Definition
A Special Flight Permit is an authorization issued by the FAA that allows an aircraft which does not currently meet applicable airworthiness requirements, but is capable of safe flight, to be flown to a location where repairs, alterations, maintenance, or required inspections can be performed. It is commonly known as a ferry permit and is issued under 14 CFR Part 21.
Plain English
Permission from the FAA to fly an aircraft that is not legally airworthy at the moment, so it can be flown somewhere to be fixed or inspected. The aircraft still has to be safe to fly — it just isn't fully legal to fly under normal rules.
Context Anchor
Pilots encounter this when an aircraft needs to be legally flown even though it cannot be used for normal operations, such as flying it to a maintenance facility after a problem is found.
Derivation
‘Permit’ comes from Latin permittere, meaning ‘to let through’ or ‘allow.’ ‘Special’ signals that it is an exception to the normal airworthiness rules. The name reflects what it is: a one-off allowance to fly an aircraft that otherwise couldn’t legally leave the ground.
Why Pilots Care
It allows an owner or pilot to legally relocate or deliver an aircraft without violating airworthiness rules, preventing grounding when repairs or transport are needed.
Grounding Statement
The aircraft may have a known issue, but the FAA can allow one limited flight if that issue does not prevent the aircraft from being flown safely for that specific purpose.
Intuition Check
Do not assume “permit” means the aircraft is fully airworthy again.
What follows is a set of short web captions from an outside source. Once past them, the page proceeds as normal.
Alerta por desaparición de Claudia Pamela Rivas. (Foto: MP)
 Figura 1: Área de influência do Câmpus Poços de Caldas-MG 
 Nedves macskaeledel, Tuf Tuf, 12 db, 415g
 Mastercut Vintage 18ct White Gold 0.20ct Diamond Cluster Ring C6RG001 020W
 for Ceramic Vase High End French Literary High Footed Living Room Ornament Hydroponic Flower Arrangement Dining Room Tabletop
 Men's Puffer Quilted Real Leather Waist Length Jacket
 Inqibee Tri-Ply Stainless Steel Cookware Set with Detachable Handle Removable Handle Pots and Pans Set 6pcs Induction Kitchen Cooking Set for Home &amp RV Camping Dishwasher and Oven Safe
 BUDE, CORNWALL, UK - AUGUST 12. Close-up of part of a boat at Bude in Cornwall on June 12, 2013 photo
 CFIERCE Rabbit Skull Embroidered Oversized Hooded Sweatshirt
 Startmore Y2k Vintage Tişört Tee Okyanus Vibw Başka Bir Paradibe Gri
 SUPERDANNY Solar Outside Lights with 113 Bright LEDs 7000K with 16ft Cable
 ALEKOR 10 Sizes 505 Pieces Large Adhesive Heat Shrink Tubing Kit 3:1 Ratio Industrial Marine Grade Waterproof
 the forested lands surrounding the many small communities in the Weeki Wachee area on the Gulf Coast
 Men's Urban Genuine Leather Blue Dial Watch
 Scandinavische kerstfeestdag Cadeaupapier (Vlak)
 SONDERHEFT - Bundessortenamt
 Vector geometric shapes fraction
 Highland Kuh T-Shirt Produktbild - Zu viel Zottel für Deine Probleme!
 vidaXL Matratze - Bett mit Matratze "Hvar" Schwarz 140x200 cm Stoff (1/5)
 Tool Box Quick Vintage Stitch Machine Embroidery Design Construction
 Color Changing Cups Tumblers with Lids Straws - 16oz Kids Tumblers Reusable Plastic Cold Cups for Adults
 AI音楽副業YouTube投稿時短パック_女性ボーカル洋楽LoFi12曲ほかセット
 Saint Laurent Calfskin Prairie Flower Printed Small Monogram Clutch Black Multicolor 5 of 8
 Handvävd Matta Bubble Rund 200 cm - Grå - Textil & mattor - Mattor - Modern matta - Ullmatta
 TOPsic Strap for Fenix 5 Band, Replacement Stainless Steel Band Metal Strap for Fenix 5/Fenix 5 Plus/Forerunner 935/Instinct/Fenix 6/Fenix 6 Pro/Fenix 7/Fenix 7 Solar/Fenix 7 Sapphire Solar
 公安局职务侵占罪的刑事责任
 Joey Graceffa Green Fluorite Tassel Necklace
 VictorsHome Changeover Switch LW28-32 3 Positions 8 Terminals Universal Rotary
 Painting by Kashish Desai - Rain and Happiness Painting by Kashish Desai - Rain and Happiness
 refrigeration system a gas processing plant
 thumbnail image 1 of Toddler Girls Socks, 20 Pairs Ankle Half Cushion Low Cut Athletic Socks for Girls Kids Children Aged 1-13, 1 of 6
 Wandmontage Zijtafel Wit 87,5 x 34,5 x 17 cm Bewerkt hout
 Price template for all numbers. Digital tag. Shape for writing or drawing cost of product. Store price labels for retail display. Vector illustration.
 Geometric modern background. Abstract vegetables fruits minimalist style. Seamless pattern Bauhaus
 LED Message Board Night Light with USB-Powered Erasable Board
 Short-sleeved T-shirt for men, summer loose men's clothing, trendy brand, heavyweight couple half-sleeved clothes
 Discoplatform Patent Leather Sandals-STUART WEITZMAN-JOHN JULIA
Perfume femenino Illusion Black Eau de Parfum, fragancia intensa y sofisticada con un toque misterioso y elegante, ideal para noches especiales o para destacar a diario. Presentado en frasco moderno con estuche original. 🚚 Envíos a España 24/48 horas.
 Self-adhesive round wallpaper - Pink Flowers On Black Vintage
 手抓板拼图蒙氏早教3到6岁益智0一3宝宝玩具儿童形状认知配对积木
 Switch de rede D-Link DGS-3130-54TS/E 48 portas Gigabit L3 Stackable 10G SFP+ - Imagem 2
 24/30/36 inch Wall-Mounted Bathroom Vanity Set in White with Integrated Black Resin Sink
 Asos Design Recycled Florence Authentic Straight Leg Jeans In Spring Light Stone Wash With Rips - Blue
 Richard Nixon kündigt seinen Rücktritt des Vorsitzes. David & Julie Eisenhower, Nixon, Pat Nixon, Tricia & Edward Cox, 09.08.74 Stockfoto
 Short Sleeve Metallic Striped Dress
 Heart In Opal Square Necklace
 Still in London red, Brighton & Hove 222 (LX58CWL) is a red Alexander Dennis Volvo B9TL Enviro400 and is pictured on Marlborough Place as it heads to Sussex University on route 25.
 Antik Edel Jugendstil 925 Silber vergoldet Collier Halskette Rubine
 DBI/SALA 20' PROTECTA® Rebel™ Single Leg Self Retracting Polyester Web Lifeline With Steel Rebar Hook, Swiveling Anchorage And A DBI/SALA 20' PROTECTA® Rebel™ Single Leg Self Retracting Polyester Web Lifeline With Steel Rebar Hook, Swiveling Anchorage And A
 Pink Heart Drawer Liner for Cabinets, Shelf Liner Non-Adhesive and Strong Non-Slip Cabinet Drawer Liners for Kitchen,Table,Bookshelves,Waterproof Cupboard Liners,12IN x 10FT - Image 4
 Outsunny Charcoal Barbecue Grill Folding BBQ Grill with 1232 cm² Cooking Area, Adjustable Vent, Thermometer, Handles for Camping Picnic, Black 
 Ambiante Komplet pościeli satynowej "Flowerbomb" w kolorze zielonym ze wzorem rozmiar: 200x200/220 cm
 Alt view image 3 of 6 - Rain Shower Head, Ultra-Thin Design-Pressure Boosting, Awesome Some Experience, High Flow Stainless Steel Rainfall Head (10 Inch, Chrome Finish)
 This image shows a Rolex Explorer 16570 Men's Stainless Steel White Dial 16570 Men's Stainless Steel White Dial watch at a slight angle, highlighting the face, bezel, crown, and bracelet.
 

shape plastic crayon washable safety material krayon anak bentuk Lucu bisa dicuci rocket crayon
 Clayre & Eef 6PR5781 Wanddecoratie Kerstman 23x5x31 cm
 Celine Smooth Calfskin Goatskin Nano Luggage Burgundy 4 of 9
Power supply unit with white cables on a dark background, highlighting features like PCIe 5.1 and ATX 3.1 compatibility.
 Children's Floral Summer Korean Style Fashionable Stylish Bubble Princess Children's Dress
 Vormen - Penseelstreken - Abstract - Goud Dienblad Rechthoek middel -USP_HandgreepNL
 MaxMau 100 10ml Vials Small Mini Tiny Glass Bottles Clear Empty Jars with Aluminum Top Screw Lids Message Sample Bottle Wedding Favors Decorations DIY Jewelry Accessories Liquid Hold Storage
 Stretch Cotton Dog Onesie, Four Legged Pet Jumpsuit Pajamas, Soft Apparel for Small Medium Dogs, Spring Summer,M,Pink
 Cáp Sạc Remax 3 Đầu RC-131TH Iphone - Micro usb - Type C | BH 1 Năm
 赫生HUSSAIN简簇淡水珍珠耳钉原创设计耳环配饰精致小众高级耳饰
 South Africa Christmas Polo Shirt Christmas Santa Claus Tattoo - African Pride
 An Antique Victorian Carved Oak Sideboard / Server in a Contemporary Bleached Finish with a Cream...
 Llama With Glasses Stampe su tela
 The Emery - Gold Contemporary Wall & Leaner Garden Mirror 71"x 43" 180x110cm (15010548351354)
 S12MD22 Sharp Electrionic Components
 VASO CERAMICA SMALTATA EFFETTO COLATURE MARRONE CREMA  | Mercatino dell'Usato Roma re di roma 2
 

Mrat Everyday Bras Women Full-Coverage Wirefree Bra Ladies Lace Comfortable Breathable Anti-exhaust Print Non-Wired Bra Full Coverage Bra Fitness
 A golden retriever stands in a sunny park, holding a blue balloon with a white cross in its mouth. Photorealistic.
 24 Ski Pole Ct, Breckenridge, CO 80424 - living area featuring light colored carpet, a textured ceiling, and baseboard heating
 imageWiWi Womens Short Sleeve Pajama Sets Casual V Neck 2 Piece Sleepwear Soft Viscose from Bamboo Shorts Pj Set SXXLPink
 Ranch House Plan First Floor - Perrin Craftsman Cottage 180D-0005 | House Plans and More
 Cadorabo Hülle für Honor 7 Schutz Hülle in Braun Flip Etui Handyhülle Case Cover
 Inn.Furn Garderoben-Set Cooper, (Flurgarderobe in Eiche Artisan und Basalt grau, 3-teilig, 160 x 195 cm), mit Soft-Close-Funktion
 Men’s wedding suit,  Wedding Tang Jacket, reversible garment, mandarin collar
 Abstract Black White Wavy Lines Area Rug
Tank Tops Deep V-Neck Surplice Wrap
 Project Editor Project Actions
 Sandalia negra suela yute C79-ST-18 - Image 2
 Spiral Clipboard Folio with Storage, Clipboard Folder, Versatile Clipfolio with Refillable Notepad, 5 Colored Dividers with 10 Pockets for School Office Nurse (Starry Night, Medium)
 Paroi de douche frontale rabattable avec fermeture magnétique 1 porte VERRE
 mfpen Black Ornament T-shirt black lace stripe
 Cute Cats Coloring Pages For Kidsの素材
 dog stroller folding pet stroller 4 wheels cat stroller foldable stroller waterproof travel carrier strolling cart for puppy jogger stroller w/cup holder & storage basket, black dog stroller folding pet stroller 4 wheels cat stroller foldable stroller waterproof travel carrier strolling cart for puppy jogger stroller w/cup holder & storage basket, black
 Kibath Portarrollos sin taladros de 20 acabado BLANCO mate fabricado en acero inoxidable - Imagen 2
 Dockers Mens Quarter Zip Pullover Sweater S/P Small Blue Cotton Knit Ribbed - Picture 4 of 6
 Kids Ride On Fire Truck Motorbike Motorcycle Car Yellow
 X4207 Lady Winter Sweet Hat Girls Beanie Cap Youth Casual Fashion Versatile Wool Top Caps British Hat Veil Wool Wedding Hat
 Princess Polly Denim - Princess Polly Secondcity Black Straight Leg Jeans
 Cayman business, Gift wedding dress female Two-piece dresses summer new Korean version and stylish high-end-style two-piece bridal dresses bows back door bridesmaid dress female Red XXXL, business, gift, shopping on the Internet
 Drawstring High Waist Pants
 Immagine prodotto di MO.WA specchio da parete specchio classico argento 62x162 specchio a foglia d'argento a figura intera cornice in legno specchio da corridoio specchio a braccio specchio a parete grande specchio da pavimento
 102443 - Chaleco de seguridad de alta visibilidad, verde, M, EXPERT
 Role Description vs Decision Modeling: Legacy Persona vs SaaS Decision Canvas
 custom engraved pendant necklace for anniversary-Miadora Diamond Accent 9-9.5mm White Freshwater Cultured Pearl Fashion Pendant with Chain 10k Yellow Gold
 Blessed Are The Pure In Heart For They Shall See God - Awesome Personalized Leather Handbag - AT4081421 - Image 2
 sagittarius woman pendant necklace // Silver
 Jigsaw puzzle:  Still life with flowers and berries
It means the FAA has allowed a specific limited flight under specific conditions.
Example Sentence 1
Because the aircraft’s annual inspection had expired, the owner applied for a Special Flight Permit to ferry it to the maintenance shop on the other side of the state.
Example Sentence 2
A newly manufactured airplane received a Special Flight Permit for its delivery flight to the buyer.